→ Problem description
All lines from the one containing "Mini Mates Pet" through the last line of the listing below are to be copied exactly. Exclude the pictures.

Segment Start: Available data

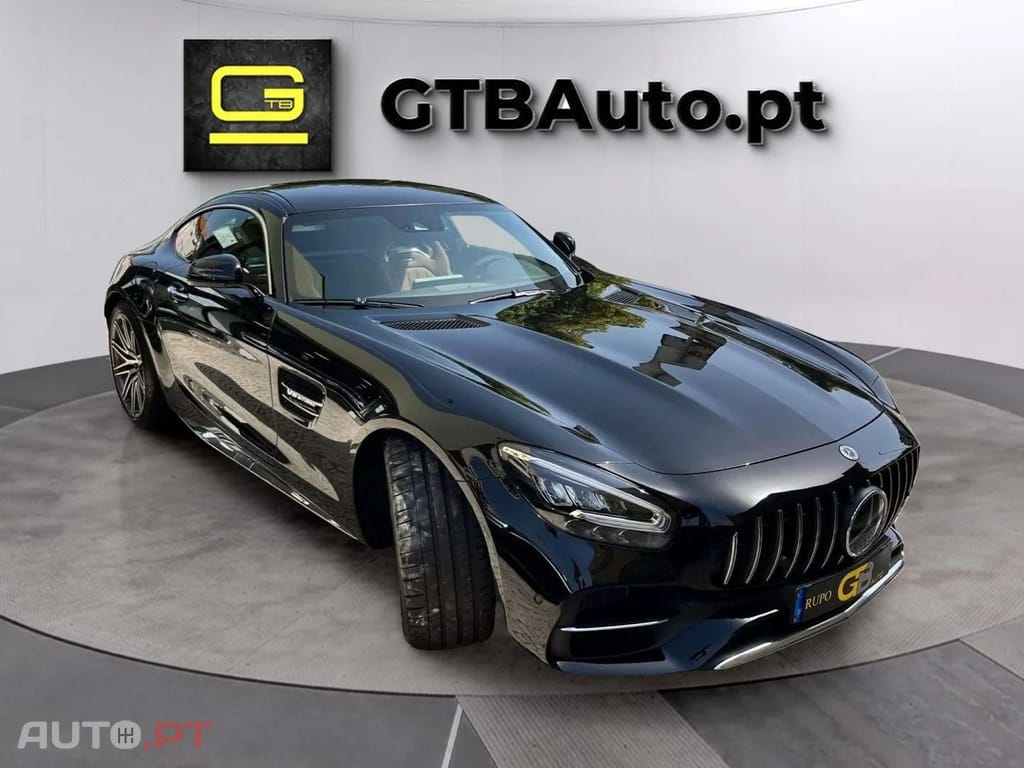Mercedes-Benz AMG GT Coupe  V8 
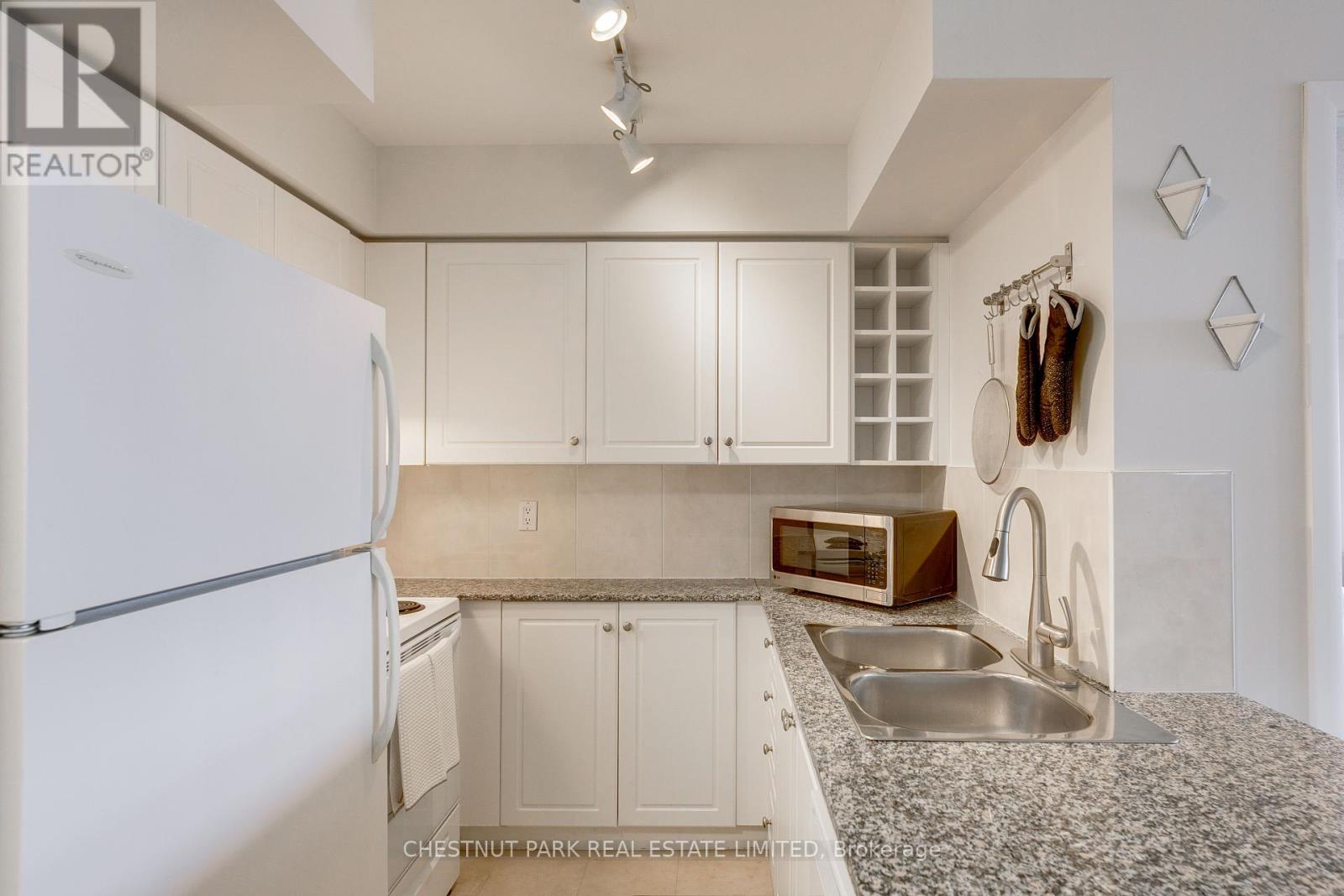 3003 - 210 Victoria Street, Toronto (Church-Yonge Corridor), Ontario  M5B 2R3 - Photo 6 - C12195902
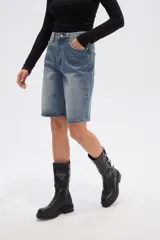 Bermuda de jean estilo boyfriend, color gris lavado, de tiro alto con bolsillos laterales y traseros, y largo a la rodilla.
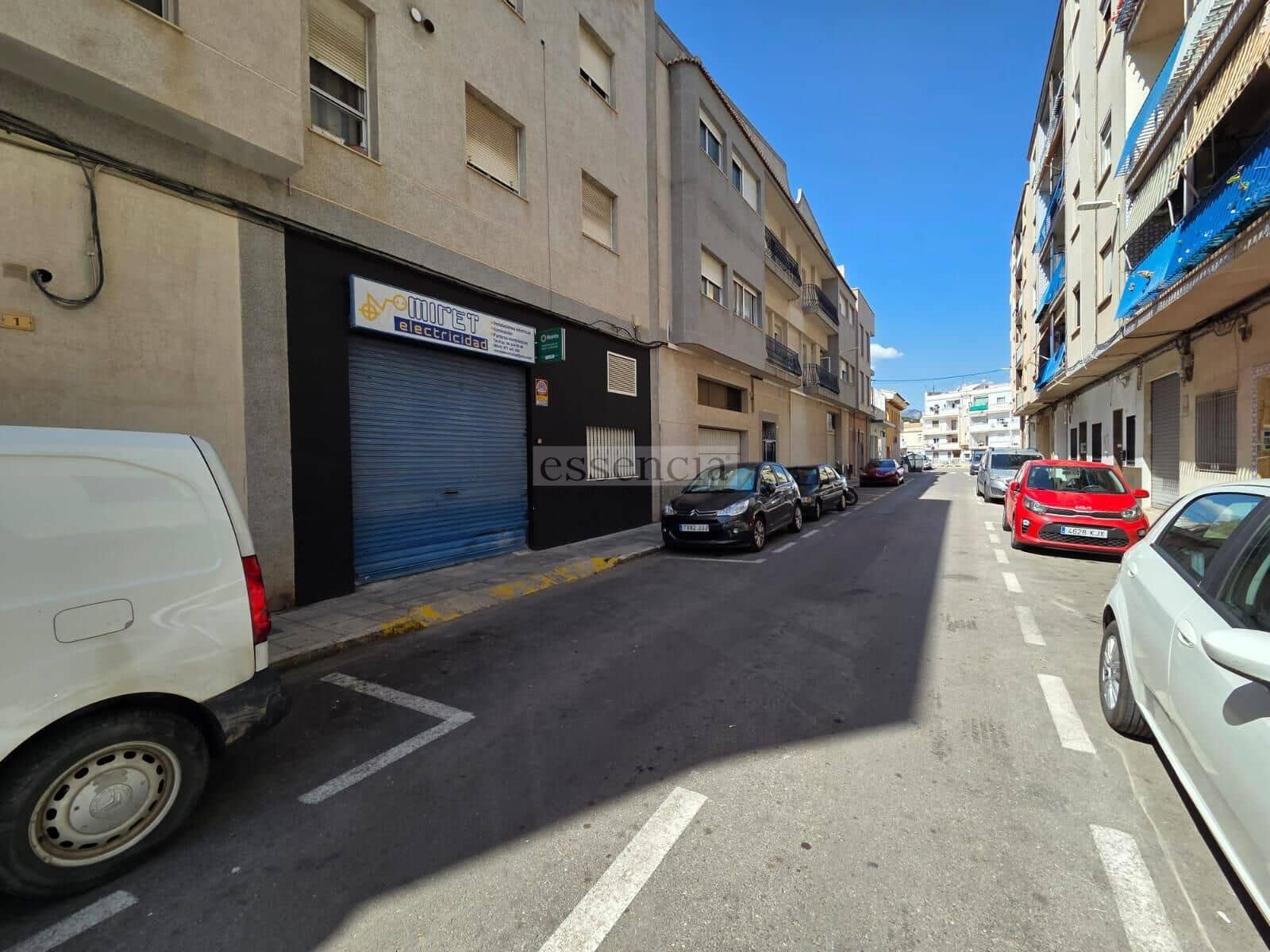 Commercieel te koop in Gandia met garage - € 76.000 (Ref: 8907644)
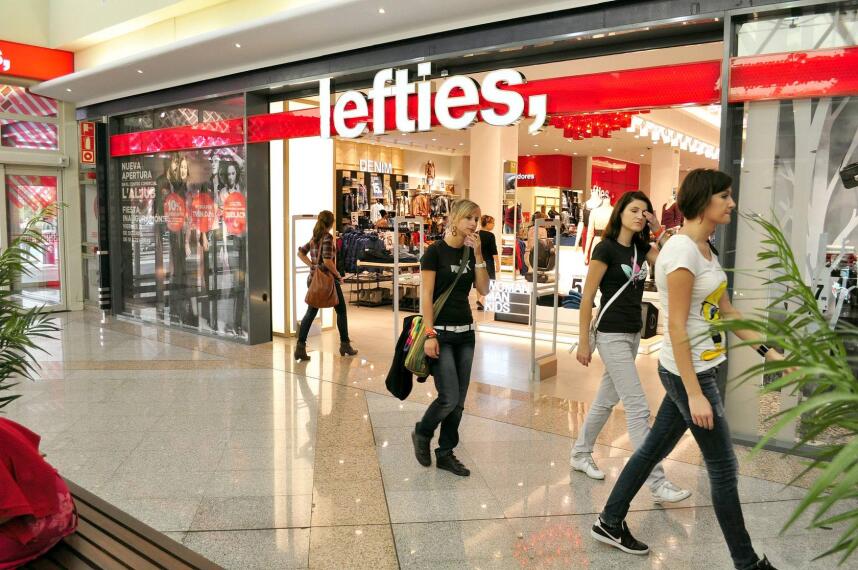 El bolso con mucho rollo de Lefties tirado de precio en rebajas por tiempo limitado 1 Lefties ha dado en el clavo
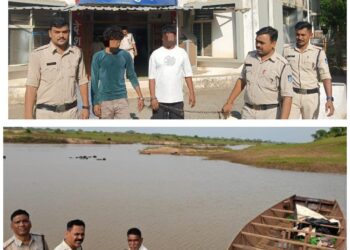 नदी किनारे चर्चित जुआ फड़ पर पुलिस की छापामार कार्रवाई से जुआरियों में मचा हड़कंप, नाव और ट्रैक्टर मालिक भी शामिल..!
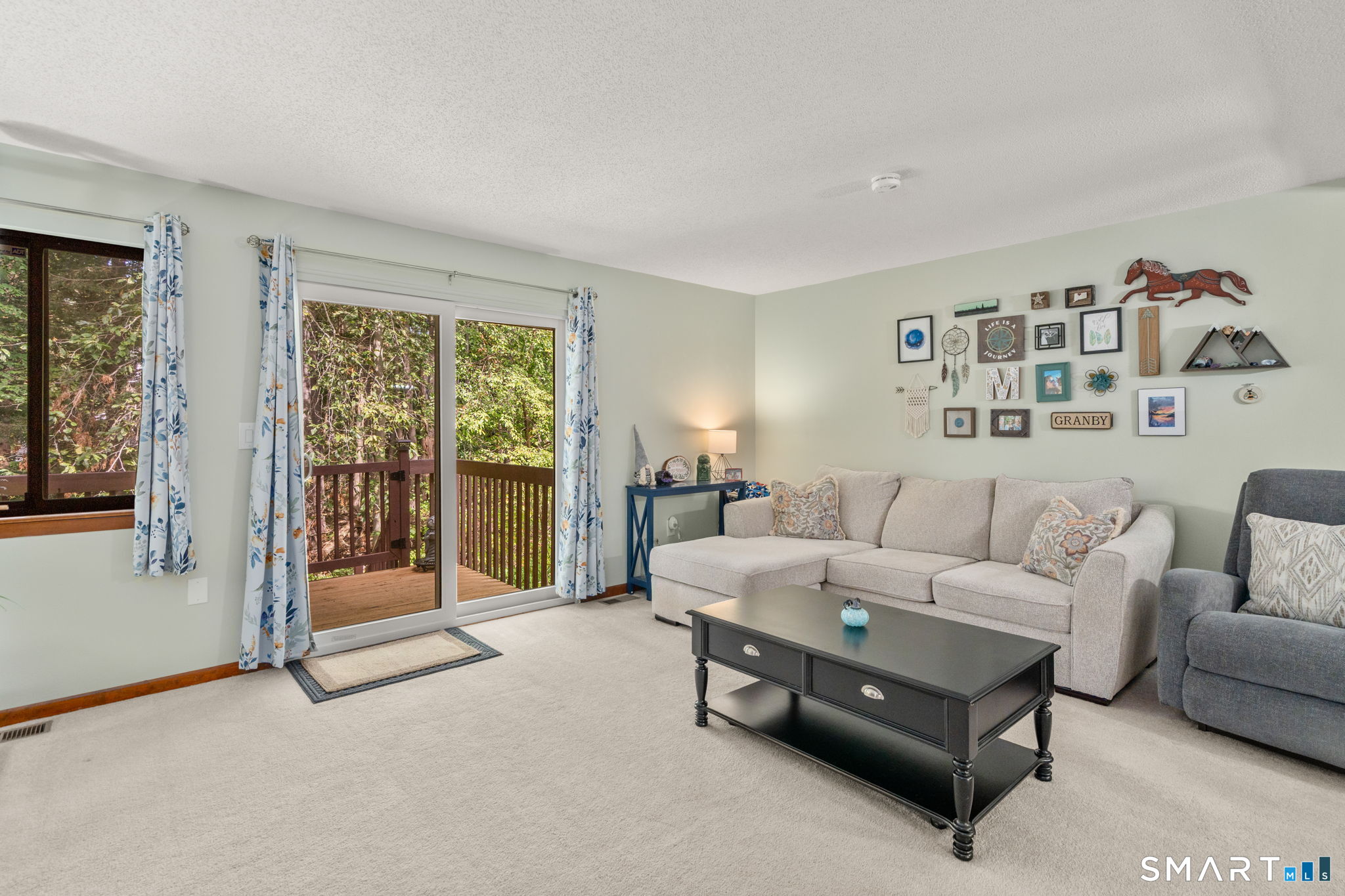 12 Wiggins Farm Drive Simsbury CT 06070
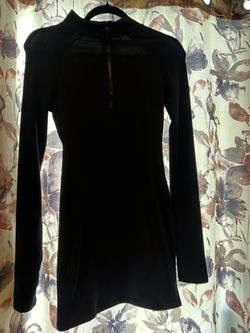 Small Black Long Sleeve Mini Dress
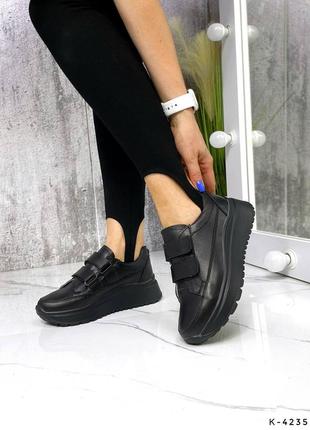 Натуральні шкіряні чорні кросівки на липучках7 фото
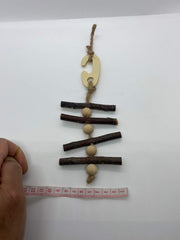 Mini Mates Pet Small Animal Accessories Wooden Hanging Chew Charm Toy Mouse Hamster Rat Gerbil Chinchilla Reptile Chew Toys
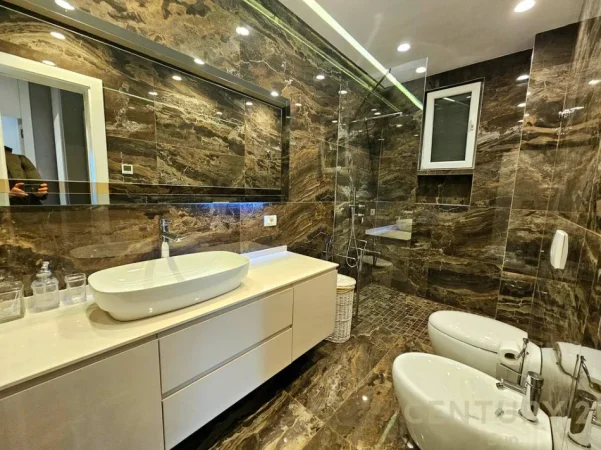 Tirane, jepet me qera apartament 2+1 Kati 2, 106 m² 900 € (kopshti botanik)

Segment End: Available data

→ Final answer
 Mini Mates Pet Small Animal Accessories Wooden Hanging Chew Charm Toy Mouse Hamster Rat Gerbil Chinchilla Reptile Chew Toys
 Tirane, jepet me qera apartament 2+1 Kati 2, 106 m² 900 € (kopshti botanik)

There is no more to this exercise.